Face à une telle Agrippine, difficile de s'affirmer, et il faut toute la folie et l'excentricité de Malena Ernman en Néron pour lui tenir tête, ce que celle-ci fait le plus crânement du monde, mais sans jamais mettre en péril la remarquable alchimie que le sale gosse qu'elle incarne entretient avec l'impératrice castratrice - la conjonction des talents et des tempéraments (scéniquement explosifs) des deux chanteuses donne lieu à de magnifiques scènes mère-fils sur lesquelles plane souvent le spectre de l'inceste (auquel Agrippine recourra d'ailleurs à la fin de sa vie pour tenter d'arracher Néron à l'influence de Poppée). Révélation des représentations de 2000, la suédoise survitaminée profite de la reprise pour transformer l'essai à l'aide d'une interprétation décidément superlative : plus allumé, plus gamin, plus hâbleur, plus cabotin, plus cocaïné, son Néron démentiel, troublant de justesse et d'androgynie, transporte une fois de plus - et il semblerait que la mezzo se soit donné comme seul objectif de se surpasser ! Comme toujours, l'agilité des colorature (inénarrable - et anthologique - Come fugge le nubbe dal vento), qui n'a d'égale que l'élasticité physique (hilarant Sotto il lauro che hai sul crine dont la chorégraphie à mi-chemin entre Michael Jackson et break-dance ébahit toujours autant), donne le vertige, tandis que la pure beauté de la voix - remarquablement homogène sur toute la tessiture - , l'intelligence du phrasé et des couleurs, et surtout l'audace des jeux de nuances et de détimbrages font tourner la tête à l'auditeur dans un Quando invita la donna l'amante d'une étourdissante sensualité et dont le miracle d'écoute mutuelle et de fusion musicale entre la chanteuse (vautrée par terre à l'avant-scène) et les deux flûtes (qui lui font face depuis la fosse) résonne encore dans les oreilles bien longtemps après la fin de la représentation.
 

Deux Poppée pour le prix d'une

On attendait beaucoup de la prise de rôle de Miah Persson en Poppée - difficile de succéder à Rosemary Joshua, à ses irrésistibles minauderies et à son sex-appeal dévastateur. Ironie du sort, c'est justement Rosemary Joshua que l'on entendit à la première, tandis que Miah Persson, vocalement incommodée, mimait le rôle sur scène ! Passé le choc premier de voir une Poppée sur scène en en entendant une autre dans la fosse (même si, paradoxalement, l'effet de doublage seyait bien, après tout, à une "adulescente" de soap), on se délecta une fois de plus du timbre frais et mutin de la soprano galloise, décidément adorable de fausse candeur et de vraie perversité (même lorsqu'elle chante le nez dans la partition). Miah Persson, une fois ses moyens vocaux retrouvés, campe de son côté une jolie Poppée, même si elle semble toujours chercher un peu ses marques au milieu d'une distribution sacrément rodée. Musicalement, sa prestation est impeccable, mis à part quelques problèmes de justesse (notamment dans les sauts d'intervalles), et son timbre fruité, parfois proche du capiteux, convient bien au personnage qu'elle incarne ; tout juste aurait-on aimé plus de feu et d'audace de la part de la soprano, qui semble privilégier la propreté vocale plutôt que le jeu dramatique.
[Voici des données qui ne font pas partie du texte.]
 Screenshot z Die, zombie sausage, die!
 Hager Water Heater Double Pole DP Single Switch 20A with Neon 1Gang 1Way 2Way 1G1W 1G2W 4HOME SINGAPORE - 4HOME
Bizarrement, on se retrouve à faire le même reproche à son partenaire, Larry Zazzo, dont l'Othon est cette fois-ci étonnamment précautionneux et placide. Le contre-ténor américain se laisserait-il aller à se reposer sur les récents lauriers de son succès grandissant ? Toujours est-il que son interprétation, certes excellente sur le plan vocal, s'avère frustrante par son relatif manque d'engagement, et l'on ne retrouve que rarement le frisson éprouvé il y a trois ans à l'écoute de la déchirante plainte du loyal général au deuxième acte.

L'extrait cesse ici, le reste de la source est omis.